The Incredibles: Family Matters #3

July 10, 2009

Quick Rating: Great
Title: Family Matters Part Three

Powerless, Mr. Incredible watches his family go into battle without him!

Writer: Mark Waid
Art: Marcio Takara
Colors: Andrew Dalhouse
Letters: Jose Macasocol, Jr.
Editor: Paul Morrissey
Cover Art: Marcio Takara
Publisher: Boom! Kids

A monster attack at the mall sends Helen, Violet, and Dash into action, while a powerless Bob sits and home with the baby. As he watches his family fight on television, Bob stumbles on a clue that just may unlock the problem of his power loss.

The hook here is really fantastic. Mark Waid has put together a story that really suits these characters, and the subplot collides with the main story perfectly here. Everything that’s been bubbling up, including the use of the new characters, comes together. It’s hard to say too much without spoiling it, but things work just as they should here.

Getting away from the plot, Waid also has to be commended for the emotional punch we get from this issue. A big part of the story consists of Bob sitting at home, tortured over how he’s lost his powers. Again, though, he throws us the curveball. Most superhero stories would feature the powerless hero worrying about his family, in battle without him. Bob doesn’t go down that route, though. Instead, he watches and roots for them, which isn’t something I can ever remember seeing in a comic before. Sure, he wishes he was there, and he tries to contact the family with advise, but you don’t get the feeling that he doesn’t trust them.
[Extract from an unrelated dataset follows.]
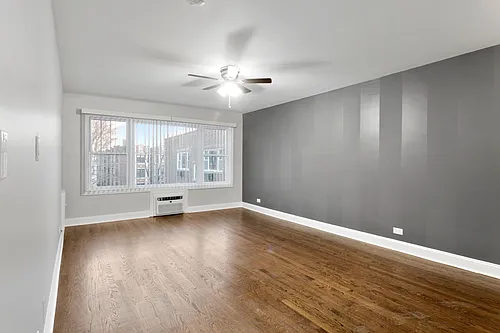 7630-38 N Eastlake Ter Photo 1 7630-38 N Eastlake Ter Photo 1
He’s got faith in his family. He just wants to be with them. It’s such a great take on the character, and it really makes the series.

Marcio Takara’s art is, also, very good. Waid writes some good, emotional moments, but Takara is the one who has to sell them through the poses, the posture, the faces, the mood. He nails it on every panel. You can look at Mr. Incredible and tell exactly how he feels in any given panel. There aren’t nearly enough artists working right now who have that kind of skill.

One issue left, I’m loving this book.